Dynamics 365とERPは、同じ種類の製品を表す言葉ではありません。ERPは、会計、販売、購買、在庫、生産などの経営資源を統合的に管理するシステムの分類です。一方のDynamics 365は、マイクロソフトが提供するCRMおよびERPの業務アプリケーション群を指します。

そのため、「Dynamics 365とERPのどちらを選ぶべきか」という質問は、厳密には比較の前提が異なります。自動車という製品分類と、特定メーカーが提供する車種群を比較するような関係に近いと考えると分かりやすいでしょう。

Dynamics 365の中には、Dynamics 365 Finance、Dynamics 365 Supply Chain Management、Dynamics 365 Business Centralなど、ERPに分類される製品があります。同時に、Dynamics 365 SalesやDynamics 365 Customer Serviceなど、顧客管理を中心とするCRM製品も含まれています。MicrosoftもDynamics 365を、営業、サービス、財務、サプライチェーン業務を支援するERPおよびCRMアプリケーション群として説明しています。

本記事では、Dynamics 365とERPの違いを、言葉の意味、対象業務、機能、データ管理、費用、導入方法、対象企業などの観点から解説します。後半では、Dynamics 365を選ぶべき企業、ほかのERPも比較すべき企業、製品選定で確認したいチェック項目も紹介します。

1. Dynamics 365とは

Dynamics 365は、マイクロソフトが提供する業務アプリケーション群です。一つの巨大なシステムを指す名称ではなく、営業、顧客対応、財務、購買、在庫、生産、物流など、業務目的ごとに分かれた複数のアプリケーションによって構成されています。

企業は、最初からすべての製品を導入する必要はありません。営業管理から始め、必要に応じて財務や在庫管理を追加するなど、事業規模や利用部門の拡大に合わせて対象範囲を広げられます。

ただし、段階的に導入できることと、各部門が独立してシステムを選んでよいことは同じではありません。将来的に顧客、商品、受注、会計などを連携する予定がある場合は、最初の段階から全体のデータ構造と業務のつながりを考える必要があります。

1.1 CRMとERPを含む製品群

Dynamics 365には、顧客との関係を管理するCRM領域と、企業内部の基幹業務を管理するERP領域の両方が含まれています。

例えば、見込み顧客や営業案件を管理するDynamics 365 SalesはCRM製品です。一方、会計、予算、税務、資金などを管理するDynamics 365 FinanceはERP製品に位置付けられます。
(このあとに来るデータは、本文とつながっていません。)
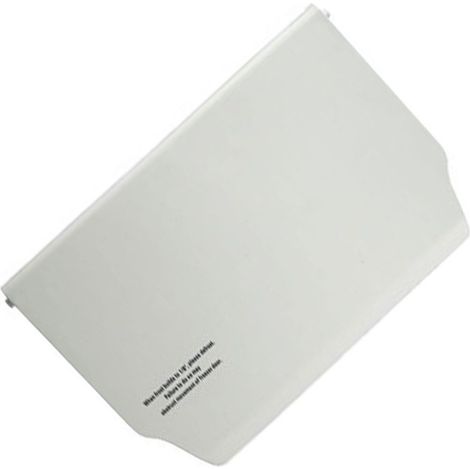 Porte (49054233) Réfrigérateur, congélateur HAIER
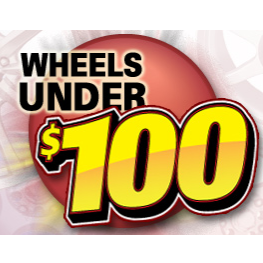DoubleDown Casino Promo Codes 2013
そのため、Dynamics 365全体をERPと呼ぶのは正確ではありません。「Dynamics 365という製品群の中に、CRM製品とERP製品が含まれている」と理解するのが適切です。

分類代表的な製品主な対象業務
CRMDynamics 365 Sales見込み顧客、営業案件、営業活動
CRMDynamics 365 Customer Service問い合わせ、顧客対応、案件管理
ERPDynamics 365 Finance会計、予算、税務、資金管理
ERPDynamics 365 Supply Chain Management調達、在庫、生産、倉庫、物流
ERPDynamics 365 Business Central中小企業の財務、販売、在庫、業務管理

1.2 必要な業務アプリケーションを選べる

Dynamics 365では、企業が抱える課題に応じて必要な製品を選択できます。営業案件の管理が課題であればSales、会計や予算管理を改善したい場合はFinance、在庫や生産工程を統合したい場合はSupply Chain Managementが候補になります。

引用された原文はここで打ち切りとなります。